What is required –
Pull out every line below that contains the word "Puppy".

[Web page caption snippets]
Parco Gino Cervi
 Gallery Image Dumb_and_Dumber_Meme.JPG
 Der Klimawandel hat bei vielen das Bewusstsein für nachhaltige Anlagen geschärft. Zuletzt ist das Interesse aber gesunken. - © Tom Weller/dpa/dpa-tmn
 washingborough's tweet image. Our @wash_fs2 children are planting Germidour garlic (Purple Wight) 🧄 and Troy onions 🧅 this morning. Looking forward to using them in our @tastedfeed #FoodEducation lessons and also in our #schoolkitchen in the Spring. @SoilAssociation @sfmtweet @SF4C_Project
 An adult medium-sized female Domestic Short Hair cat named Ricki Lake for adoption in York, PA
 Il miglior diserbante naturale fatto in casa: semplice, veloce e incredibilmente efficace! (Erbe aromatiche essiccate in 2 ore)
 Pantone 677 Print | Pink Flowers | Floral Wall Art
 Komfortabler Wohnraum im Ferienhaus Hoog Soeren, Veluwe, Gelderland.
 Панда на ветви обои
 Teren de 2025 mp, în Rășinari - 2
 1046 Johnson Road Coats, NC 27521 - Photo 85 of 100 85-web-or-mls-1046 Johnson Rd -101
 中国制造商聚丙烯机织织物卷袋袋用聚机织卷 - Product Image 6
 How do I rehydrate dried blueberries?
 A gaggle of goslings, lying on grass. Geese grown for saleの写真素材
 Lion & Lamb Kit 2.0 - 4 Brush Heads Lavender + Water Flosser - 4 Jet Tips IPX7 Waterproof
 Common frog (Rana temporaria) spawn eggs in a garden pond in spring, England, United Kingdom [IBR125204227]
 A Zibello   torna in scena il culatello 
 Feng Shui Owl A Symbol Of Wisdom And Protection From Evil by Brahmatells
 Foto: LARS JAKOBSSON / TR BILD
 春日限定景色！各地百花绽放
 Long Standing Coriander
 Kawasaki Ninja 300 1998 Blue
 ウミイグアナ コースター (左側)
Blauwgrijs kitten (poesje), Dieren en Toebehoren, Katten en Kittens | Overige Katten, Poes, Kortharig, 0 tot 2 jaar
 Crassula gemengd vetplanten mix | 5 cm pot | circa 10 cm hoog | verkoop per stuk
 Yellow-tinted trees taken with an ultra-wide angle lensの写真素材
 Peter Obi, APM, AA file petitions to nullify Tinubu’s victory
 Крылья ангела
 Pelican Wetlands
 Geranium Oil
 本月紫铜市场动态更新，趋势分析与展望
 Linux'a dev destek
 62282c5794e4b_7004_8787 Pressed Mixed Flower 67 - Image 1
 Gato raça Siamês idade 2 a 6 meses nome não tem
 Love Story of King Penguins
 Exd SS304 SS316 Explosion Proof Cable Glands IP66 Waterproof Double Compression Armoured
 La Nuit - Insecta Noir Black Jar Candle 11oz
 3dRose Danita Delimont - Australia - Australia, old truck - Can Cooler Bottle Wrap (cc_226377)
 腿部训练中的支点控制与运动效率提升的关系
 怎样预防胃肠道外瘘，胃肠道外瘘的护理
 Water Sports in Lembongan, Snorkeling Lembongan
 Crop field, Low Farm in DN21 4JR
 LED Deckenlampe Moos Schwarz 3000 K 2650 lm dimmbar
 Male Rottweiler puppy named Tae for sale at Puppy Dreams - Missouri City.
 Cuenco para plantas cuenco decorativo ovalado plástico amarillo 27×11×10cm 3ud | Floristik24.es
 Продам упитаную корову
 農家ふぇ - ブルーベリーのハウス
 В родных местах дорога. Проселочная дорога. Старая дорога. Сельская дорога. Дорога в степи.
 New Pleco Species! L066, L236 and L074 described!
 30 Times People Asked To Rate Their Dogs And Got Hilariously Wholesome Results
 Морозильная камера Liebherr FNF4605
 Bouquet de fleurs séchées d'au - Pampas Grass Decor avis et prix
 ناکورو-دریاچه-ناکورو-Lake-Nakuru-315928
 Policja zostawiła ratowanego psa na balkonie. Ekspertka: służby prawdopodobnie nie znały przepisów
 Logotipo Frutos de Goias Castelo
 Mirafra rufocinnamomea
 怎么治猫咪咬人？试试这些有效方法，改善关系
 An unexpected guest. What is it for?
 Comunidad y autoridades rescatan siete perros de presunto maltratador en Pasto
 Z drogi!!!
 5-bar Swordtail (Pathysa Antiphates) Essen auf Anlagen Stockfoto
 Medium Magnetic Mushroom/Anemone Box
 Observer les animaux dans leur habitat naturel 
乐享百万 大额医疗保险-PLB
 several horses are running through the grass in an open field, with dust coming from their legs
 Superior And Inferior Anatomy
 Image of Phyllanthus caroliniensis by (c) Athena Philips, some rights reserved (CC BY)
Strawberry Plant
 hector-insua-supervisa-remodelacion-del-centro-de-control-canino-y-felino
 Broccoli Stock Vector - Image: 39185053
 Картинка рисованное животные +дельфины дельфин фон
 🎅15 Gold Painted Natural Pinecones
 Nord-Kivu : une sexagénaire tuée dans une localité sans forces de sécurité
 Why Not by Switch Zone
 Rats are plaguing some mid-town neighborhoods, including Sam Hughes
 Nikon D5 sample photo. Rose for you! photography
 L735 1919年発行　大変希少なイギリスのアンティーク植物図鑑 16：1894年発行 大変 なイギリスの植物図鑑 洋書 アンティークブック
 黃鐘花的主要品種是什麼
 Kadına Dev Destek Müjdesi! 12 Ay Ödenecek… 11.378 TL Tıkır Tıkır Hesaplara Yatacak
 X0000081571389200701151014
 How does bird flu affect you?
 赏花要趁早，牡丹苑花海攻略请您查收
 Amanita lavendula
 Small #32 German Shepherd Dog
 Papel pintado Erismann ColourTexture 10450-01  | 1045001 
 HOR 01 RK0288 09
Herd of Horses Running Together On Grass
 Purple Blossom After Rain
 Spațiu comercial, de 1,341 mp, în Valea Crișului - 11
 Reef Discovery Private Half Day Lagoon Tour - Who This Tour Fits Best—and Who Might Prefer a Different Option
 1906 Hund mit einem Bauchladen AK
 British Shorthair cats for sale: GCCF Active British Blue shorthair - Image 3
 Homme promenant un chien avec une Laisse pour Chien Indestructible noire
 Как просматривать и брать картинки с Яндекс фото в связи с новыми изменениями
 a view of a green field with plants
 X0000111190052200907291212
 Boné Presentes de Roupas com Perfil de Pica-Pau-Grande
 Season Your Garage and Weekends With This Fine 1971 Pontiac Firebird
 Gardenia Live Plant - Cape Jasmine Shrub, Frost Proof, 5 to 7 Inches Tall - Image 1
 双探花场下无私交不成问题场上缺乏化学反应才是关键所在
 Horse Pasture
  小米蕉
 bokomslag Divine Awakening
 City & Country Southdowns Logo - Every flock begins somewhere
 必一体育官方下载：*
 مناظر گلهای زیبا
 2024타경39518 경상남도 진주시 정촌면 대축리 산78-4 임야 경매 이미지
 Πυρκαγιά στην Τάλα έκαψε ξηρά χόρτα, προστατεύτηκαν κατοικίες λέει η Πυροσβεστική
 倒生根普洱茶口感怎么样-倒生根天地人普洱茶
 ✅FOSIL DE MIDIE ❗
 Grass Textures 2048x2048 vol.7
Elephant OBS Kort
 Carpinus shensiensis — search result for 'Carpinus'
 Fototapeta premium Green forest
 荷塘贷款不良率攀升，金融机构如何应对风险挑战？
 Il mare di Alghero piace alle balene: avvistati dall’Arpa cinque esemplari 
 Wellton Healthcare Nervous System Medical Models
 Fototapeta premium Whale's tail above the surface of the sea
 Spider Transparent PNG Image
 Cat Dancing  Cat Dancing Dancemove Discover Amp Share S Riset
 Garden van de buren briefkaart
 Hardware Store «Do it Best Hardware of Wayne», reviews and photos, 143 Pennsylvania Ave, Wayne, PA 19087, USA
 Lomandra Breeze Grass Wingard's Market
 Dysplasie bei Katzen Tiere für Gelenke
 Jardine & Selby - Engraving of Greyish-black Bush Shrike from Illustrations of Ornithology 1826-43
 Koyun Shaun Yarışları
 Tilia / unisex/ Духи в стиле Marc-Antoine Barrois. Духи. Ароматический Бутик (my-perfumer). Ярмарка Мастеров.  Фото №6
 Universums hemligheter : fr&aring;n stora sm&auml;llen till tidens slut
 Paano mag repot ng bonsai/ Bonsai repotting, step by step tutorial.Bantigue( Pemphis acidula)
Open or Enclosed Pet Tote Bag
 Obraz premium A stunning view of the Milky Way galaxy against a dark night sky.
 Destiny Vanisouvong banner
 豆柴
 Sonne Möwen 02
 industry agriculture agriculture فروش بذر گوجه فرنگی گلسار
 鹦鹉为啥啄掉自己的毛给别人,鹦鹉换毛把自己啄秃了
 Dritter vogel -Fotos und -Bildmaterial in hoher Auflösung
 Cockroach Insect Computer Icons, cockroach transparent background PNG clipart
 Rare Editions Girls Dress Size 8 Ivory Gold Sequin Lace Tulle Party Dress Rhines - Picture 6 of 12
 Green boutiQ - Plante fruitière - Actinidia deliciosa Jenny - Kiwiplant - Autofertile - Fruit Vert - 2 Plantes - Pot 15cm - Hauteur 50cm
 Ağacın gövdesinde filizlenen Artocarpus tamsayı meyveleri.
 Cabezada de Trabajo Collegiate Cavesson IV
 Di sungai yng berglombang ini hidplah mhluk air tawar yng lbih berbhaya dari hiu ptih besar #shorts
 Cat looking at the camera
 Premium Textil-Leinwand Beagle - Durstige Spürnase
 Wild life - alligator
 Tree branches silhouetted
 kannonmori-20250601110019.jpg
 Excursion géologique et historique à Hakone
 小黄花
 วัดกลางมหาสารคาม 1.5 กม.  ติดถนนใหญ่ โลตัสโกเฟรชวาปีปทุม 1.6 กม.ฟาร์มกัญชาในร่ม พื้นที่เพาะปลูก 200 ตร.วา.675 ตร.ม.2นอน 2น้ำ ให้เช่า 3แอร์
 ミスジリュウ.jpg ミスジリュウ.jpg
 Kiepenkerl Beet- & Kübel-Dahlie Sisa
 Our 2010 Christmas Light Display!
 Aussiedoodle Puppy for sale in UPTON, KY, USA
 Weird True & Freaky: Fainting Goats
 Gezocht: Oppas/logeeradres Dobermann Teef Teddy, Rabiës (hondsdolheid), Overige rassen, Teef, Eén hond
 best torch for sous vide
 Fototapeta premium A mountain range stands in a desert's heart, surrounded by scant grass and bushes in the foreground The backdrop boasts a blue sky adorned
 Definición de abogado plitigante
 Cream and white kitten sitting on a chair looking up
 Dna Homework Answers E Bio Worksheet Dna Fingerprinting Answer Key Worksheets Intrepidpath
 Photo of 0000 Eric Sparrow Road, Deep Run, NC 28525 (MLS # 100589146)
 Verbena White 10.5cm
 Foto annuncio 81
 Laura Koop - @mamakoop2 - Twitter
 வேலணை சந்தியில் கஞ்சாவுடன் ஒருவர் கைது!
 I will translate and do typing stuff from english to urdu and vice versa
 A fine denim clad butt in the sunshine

Response –
 Male Rottweiler puppy named Tae for sale at Puppy Dreams - Missouri City.
 Aussiedoodle Puppy for sale in UPTON, KY, USA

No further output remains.